At least Dinnocenzo got to have a funeral, unlike other parents whose children died during the COVID-19 lockdown.
“Her funeral was beautiful, just like her,” her mother said.
Canuso died in the pandemic’s fifth month, but his family does not blame the outbreak for his overdose. But the coronavirus did make it harder for him to find a rehab program this spring, it said.
Canuso had grappled with addiction for more than 15 years and underwent treatment many times, said Nardozzi and their older sister, Nicole Canuso. He was a functioning addict, working in sales for a family-owned business and coming to work every day, they said.

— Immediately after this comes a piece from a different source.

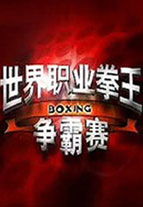 世界职业拳王争霸赛2013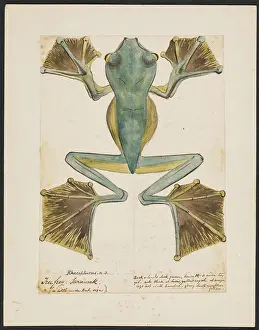South East: Rhacophorus, Tree frog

“He definitely wanted to be better. I know that 100%,” Nicole Canuso said. “He didn’t want to disappoint everyone. He did try.”
Nicole Canuso, who lives in Dallas and is herself in recovery, said her brother just struggled and struggled.
“Do I think the outcome would have been different because of COVID?” she asked.
Those losses should be remembered, said Nancy Labov, who runs a Bergen County drug prevention nonprofit, Alumni in Recovery.
Labov points to Gov. Phil Murphy’s regular coronavirus briefings, in which he celebrates the lives of three New Jersey residents who died from COVID-19, describing their accomplishments and the families they left behind. Watching the broadcast recently, Labov said she was struck by something.
“All I could think about,” Labov said, “was why don’t we do this for the opiate epidemic?”